• _Task item_: Extract the stretch of lines that starts at the line with "Qlick- AI Driven" and ends at the last line of the data below. Give it exactly, without pictures.
━━━━━ Provided material ━━━━━
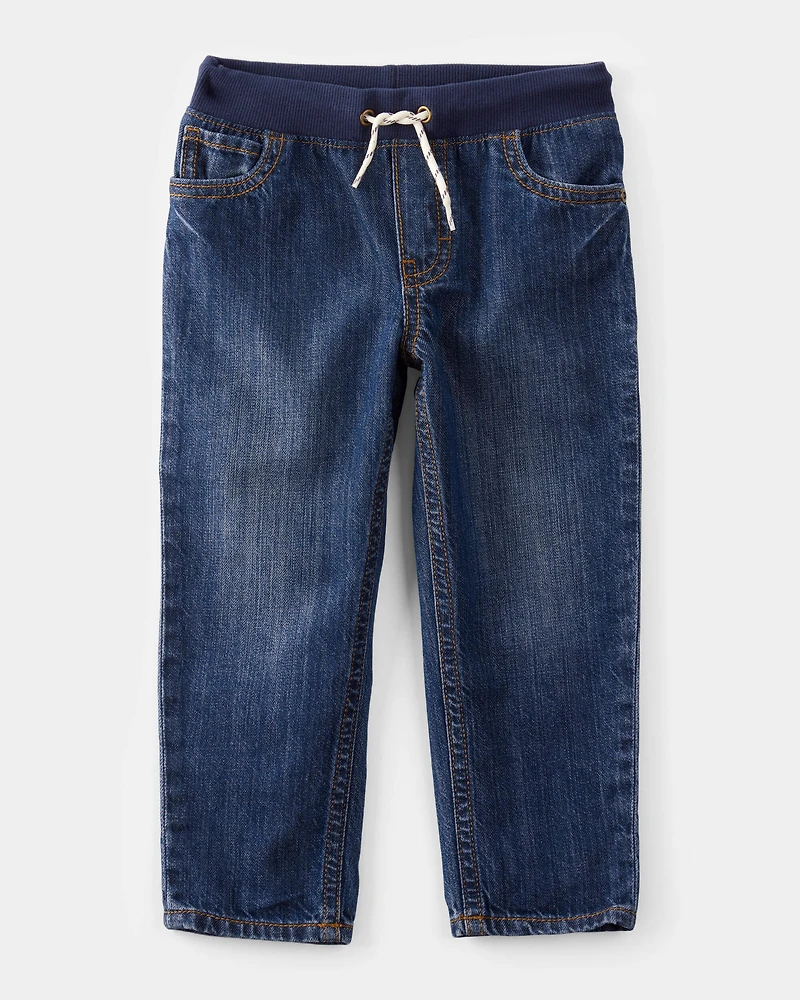 Toddler Boy Straight Pull-On Denim Pants - Medium Wash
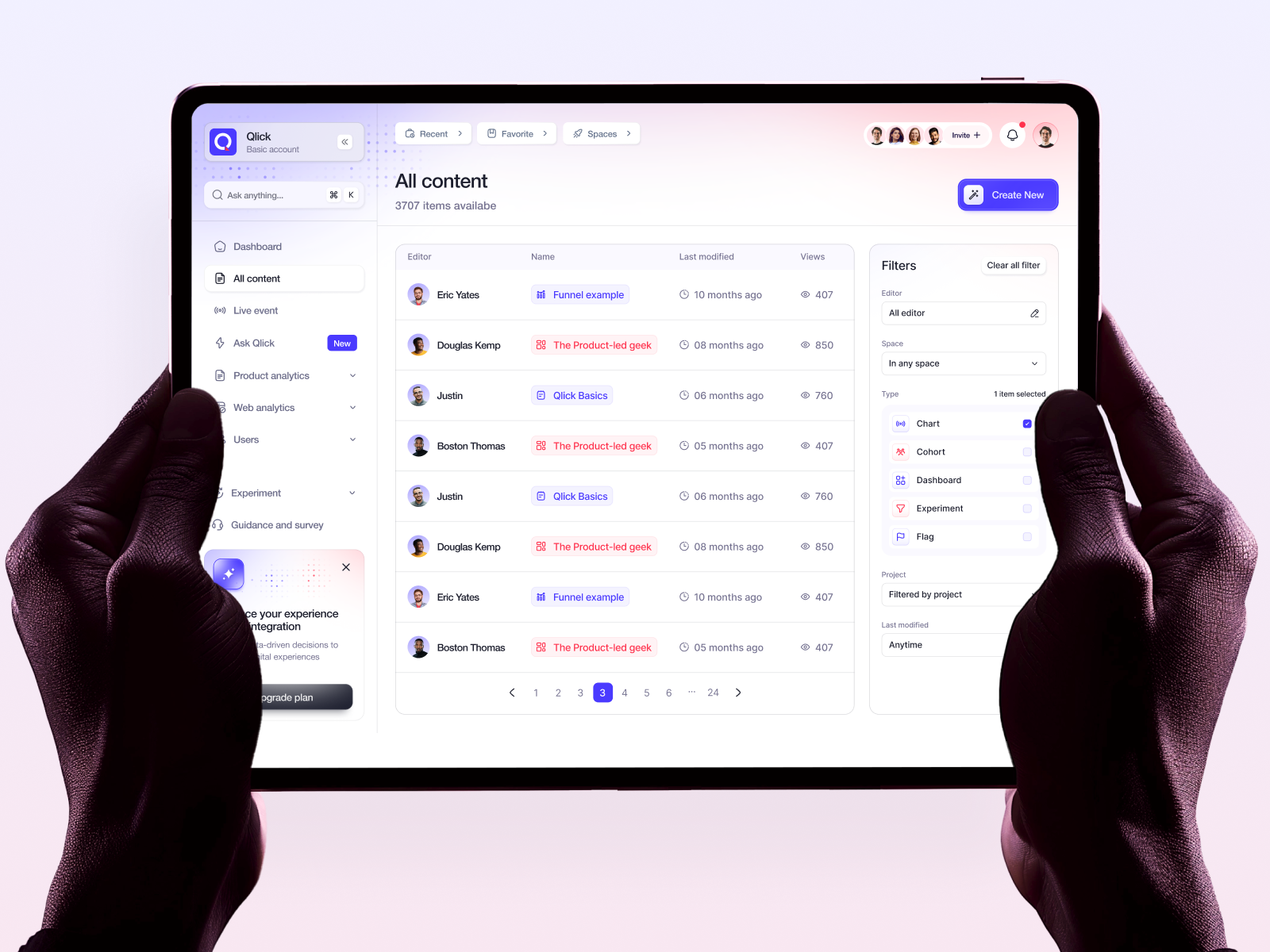 Qlick- AI Driven business intelligence platform ai business colorful dashboard dashboard design design trend trendy ui user interface ux web web application webapp webdesign website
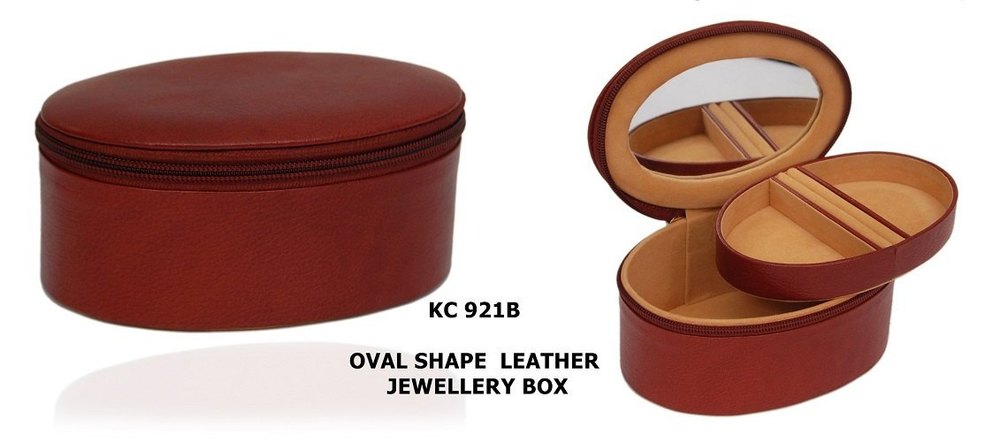 Brown KC 921B Oval Shape Leather Jewellery Box, For Gifting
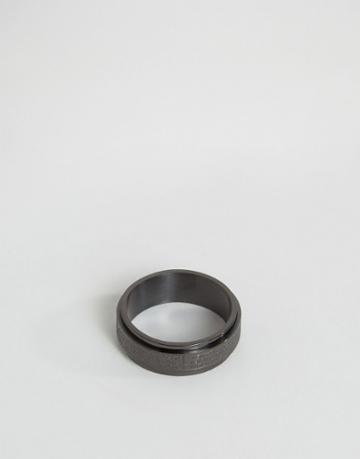Seven London Cross Band Ring In Black - Black
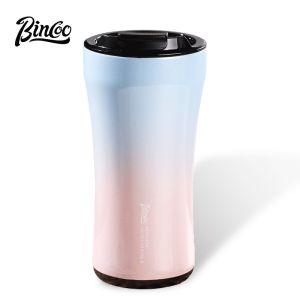 BINCOO Thermal Coffee Cup Ceramic Inner Vacuum Flask 316 Stainless Steel Water Bottle Portable Car Cup 330ML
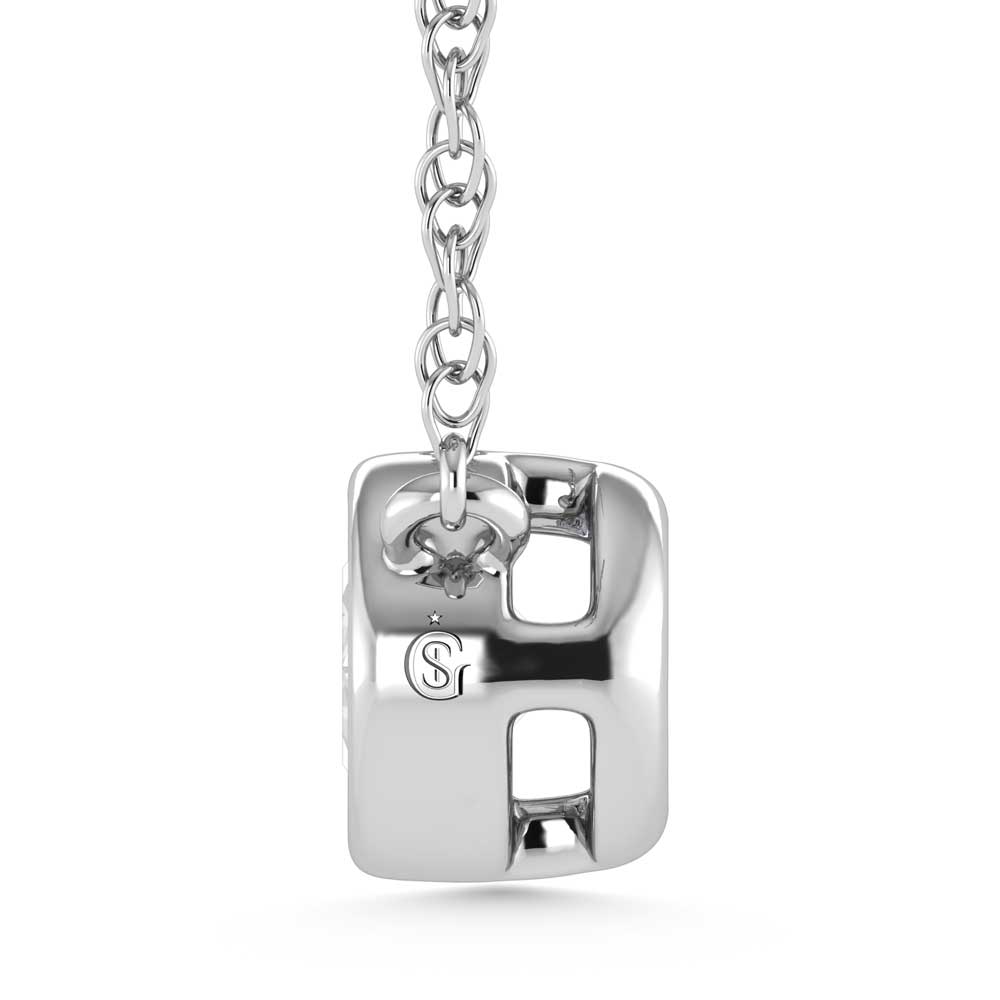 14K White Gold Lab Grown Diamond 1/2 Ct.Tw. Oval Shape Solitaire Necklace - 16 inches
━━━━━
• _Task solution_:
 Qlick- AI Driven business intelligence platform ai business colorful dashboard dashboard design design trend trendy ui user interface ux web web application webapp webdesign website
 Brown KC 921B Oval Shape Leather Jewellery Box, For Gifting
Seven London Cross Band Ring In Black - Black
 BINCOO Thermal Coffee Cup Ceramic Inner Vacuum Flask 316 Stainless Steel Water Bottle Portable Car Cup 330ML
 14K White Gold Lab Grown Diamond 1/2 Ct.Tw. Oval Shape Solitaire Necklace - 16 inches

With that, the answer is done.